Captioned web images

========

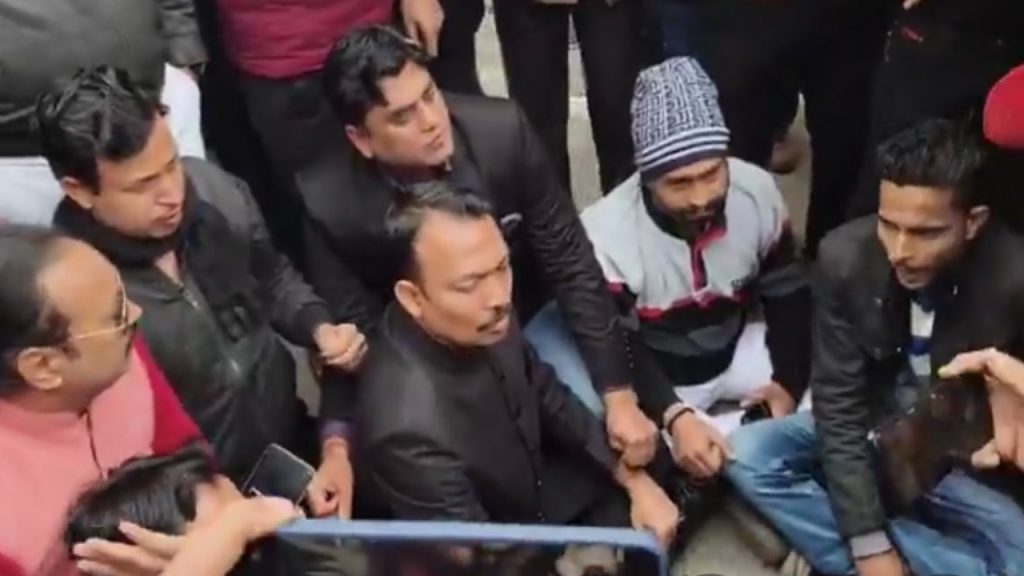 Alankar Agnihotri Protest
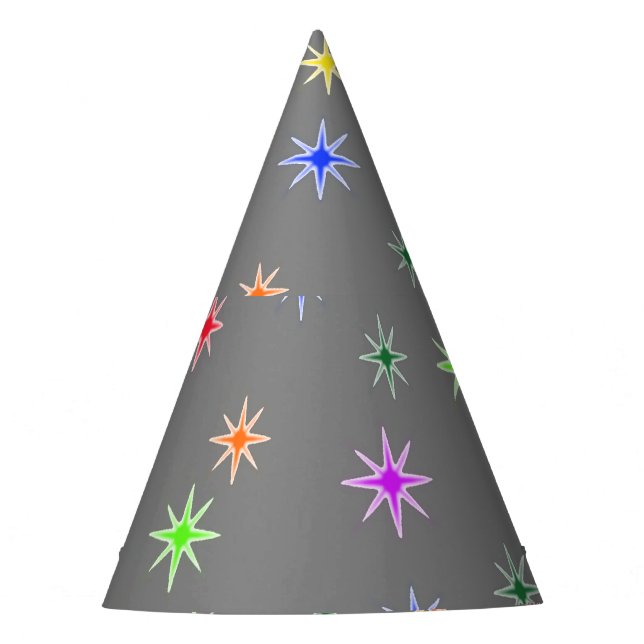 Little Stars, Big Smiles Birthday Party Hats (Front)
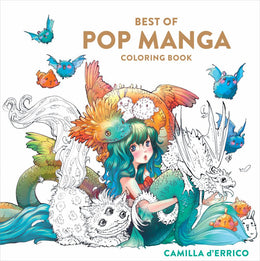Best of Pop Manga Coloring Book - Bookseller USA
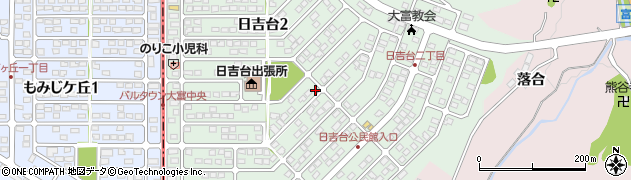 宮城県富谷市日吉台周辺の地図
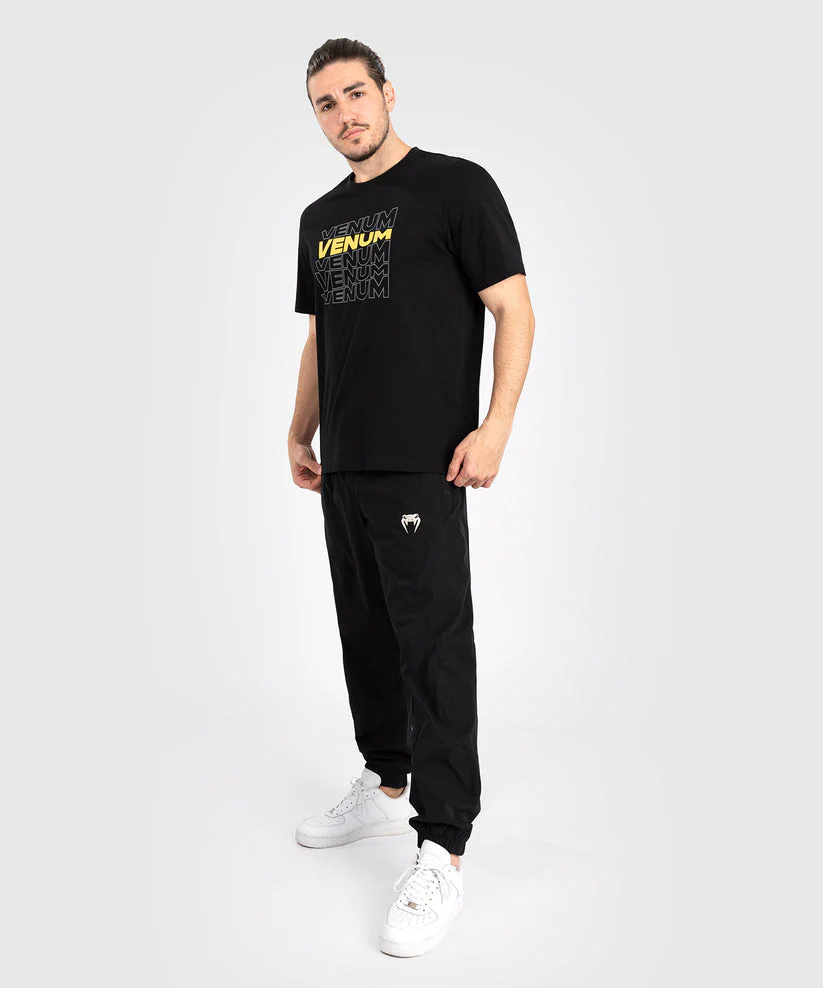 Venum T-Shirt Vertigo Zwart/Geel - Image 3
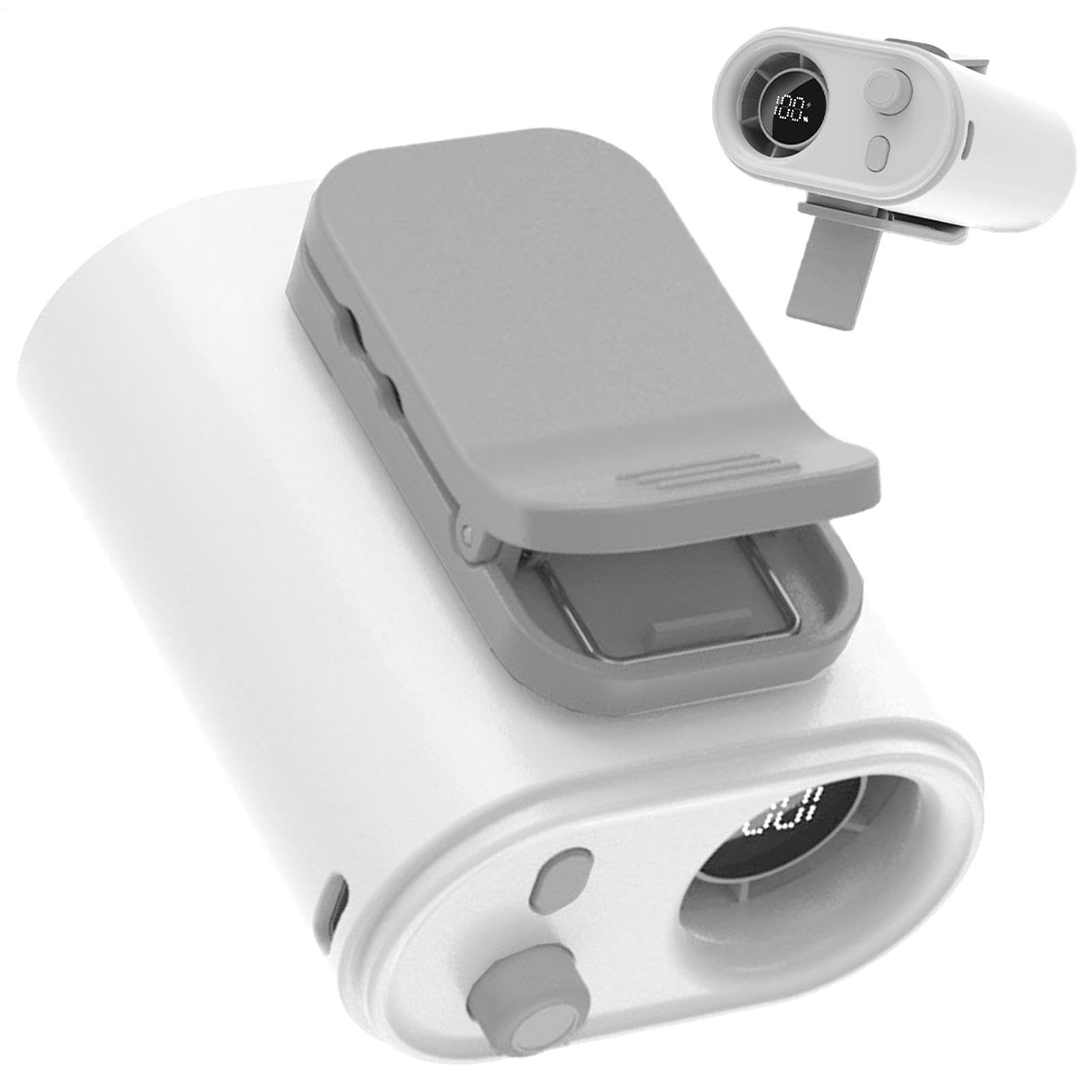 Mini ventilateur de refroidissement à piles contre la chaleur de bureau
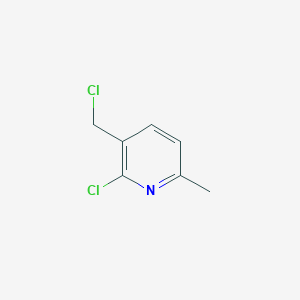 molecular formula C7H7Cl2N B3352435 2-Chloro-3-(chloromethyl)-6-methylpyridine CAS No. 477207-32-2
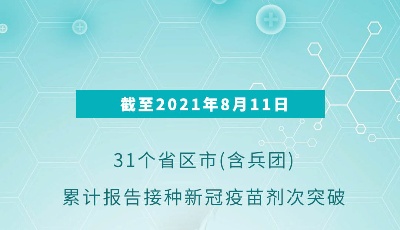 海報(bào) | 全國新冠疫苗接種劑次超18億
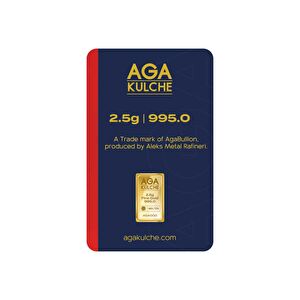 AgaKulche 2.5 gr 995 24 Ayar Külçe Altın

========

=== Aim of the task ===
Please give the entries again word for word, without any pictures.

=== Your response ===
 Alankar Agnihotri Protest
 Little Stars, Big Smiles Birthday Party Hats (Front)
Best of Pop Manga Coloring Book - Bookseller USA
 宮城県富谷市日吉台周辺の地図
 Venum T-Shirt Vertigo Zwart/Geel - Image 3
 Mini ventilateur de refroidissement à piles contre la chaleur de bureau
 molecular formula C7H7Cl2N B3352435 2-Chloro-3-(chloromethyl)-6-methylpyridine CAS No. 477207-32-2
 海報(bào) | 全國新冠疫苗接種劑次超18億
 AgaKulche 2.5 gr 995 24 Ayar Külçe Altın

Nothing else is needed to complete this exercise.